- _RECORDS FOR THE TASK_:
--------------------------------
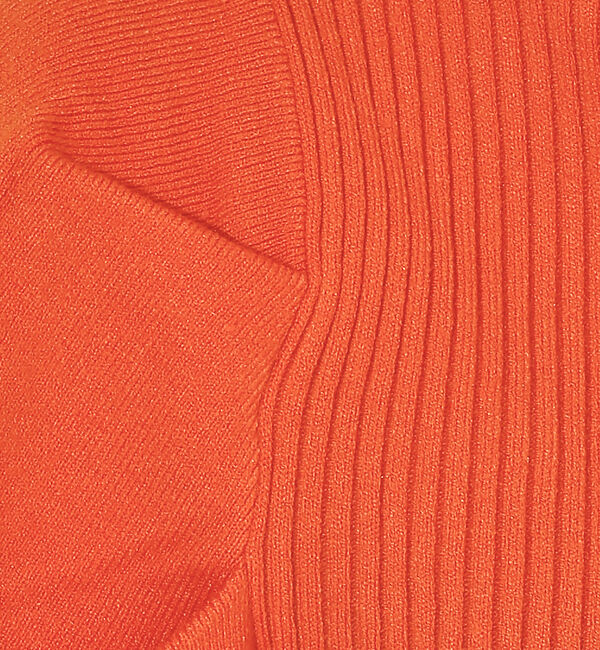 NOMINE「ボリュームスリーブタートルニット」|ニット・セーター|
--------------------------------
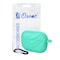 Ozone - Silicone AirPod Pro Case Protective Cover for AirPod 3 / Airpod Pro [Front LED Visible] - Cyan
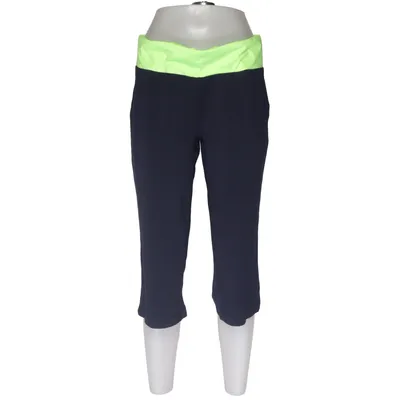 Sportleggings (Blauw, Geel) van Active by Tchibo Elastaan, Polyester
--------------------------------
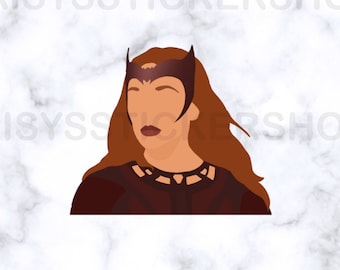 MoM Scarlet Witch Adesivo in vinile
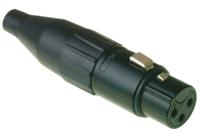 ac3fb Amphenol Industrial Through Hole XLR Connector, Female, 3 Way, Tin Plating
--------------------------------
Take the material above from the line bearing "MoM Scarlet Witch Adesivo in vinile" through the line bearing "ac3fb Amphenol Industrial" and write it out exactly, both end lines included. Pictures stay out.

- _TASK RESULT_:
 MoM Scarlet Witch Adesivo in vinile
 ac3fb Amphenol Industrial Through Hole XLR Connector, Female, 3 Way, Tin Plating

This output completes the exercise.